▸ **What the task requires**: Find the line containing "Pozlacený Stříbrný Prsten", then return it and every line after it through the end of the records, exactly. Leave out pictures.

········

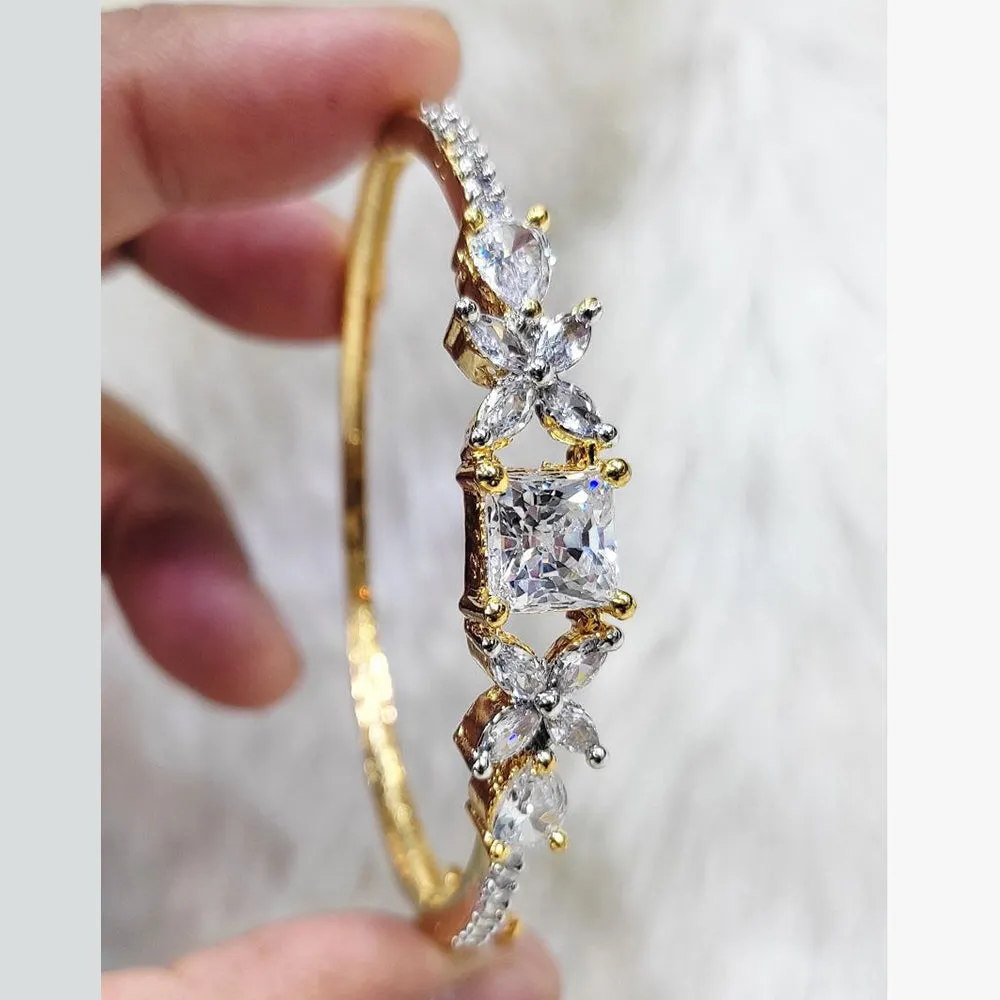 Gold-Plated Aamrapali Bangle with Cubic Zirconia Accents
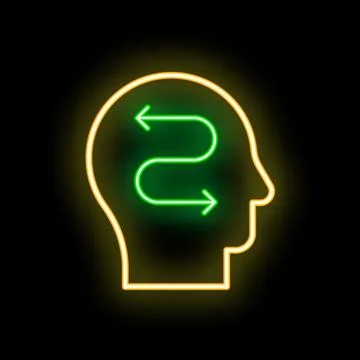 Neon sign representing a human head thinking with arrows going back and forth Stock Illustration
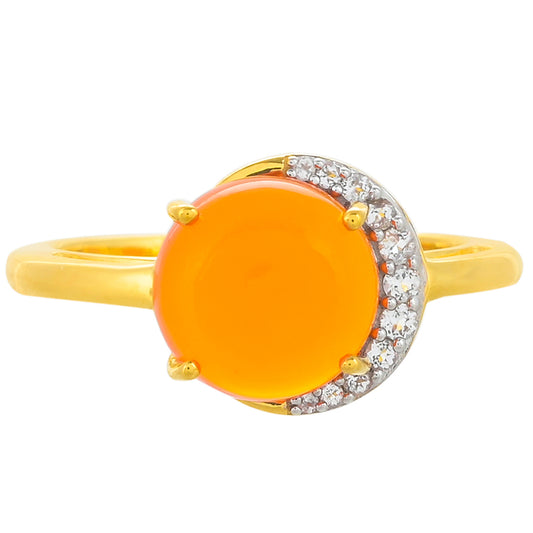 Pozlacený Stříbrný Prsten s Karneolem a Bílým Topazem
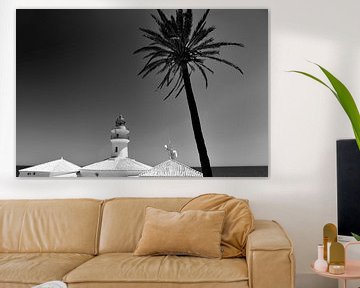 Leuchtturm, Mittelmeerküste (Schwarz-Weiß)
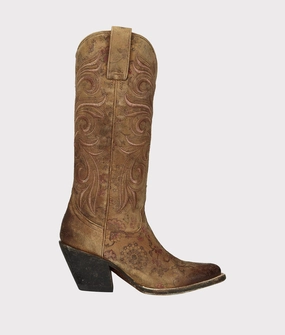 Laurelie :: Tan Floral Cushioned Step Work Commute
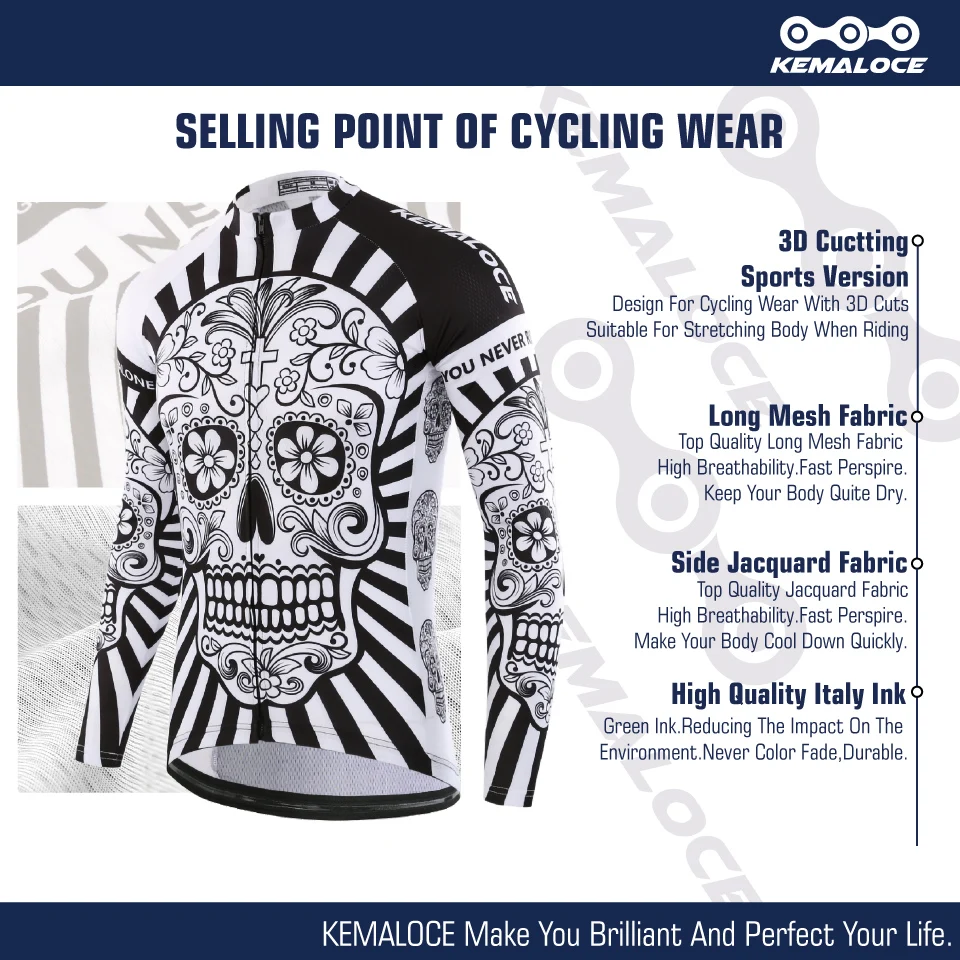 KEMALOCE 2023 Autumn Pro Long Sleeve Cycling Jersey Skull Retro Men Full Sleeve Cycles Shirt Wear Team Men Bicycle Bike Jersery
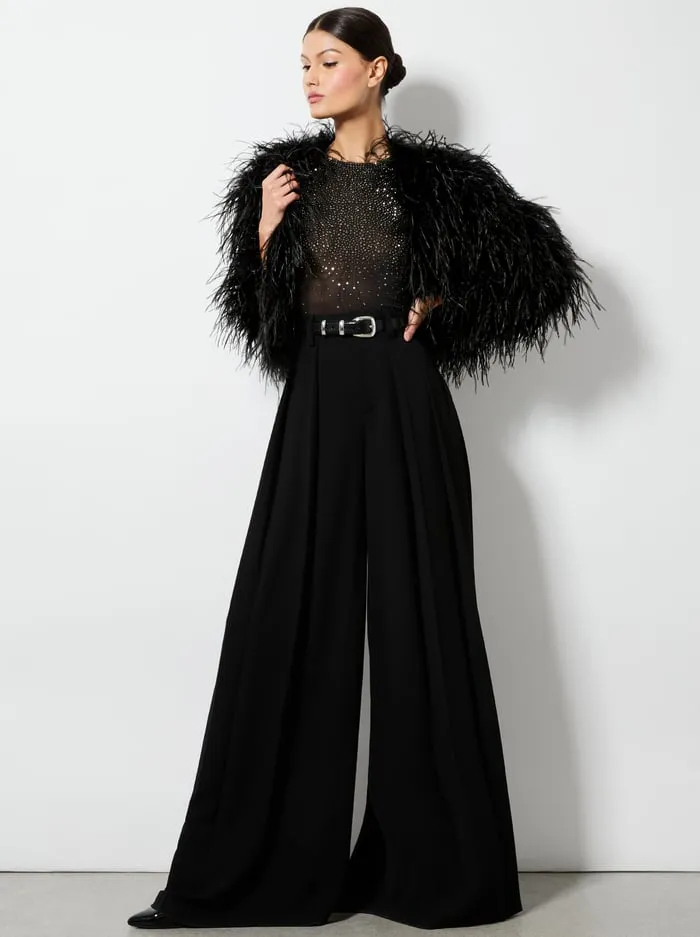 Women Alice Olivia Jackets Coats Kidman Feathered Jacket Black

········

▸ **Exercise output**:
 Pozlacený Stříbrný Prsten s Karneolem a Bílým Topazem
 Leuchtturm, Mittelmeerküste (Schwarz-Weiß)
 Laurelie :: Tan Floral Cushioned Step Work Commute
 KEMALOCE 2023 Autumn Pro Long Sleeve Cycling Jersey Skull Retro Men Full Sleeve Cycles Shirt Wear Team Men Bicycle Bike Jersery
 Women Alice Olivia Jackets Coats Kidman Feathered Jacket Black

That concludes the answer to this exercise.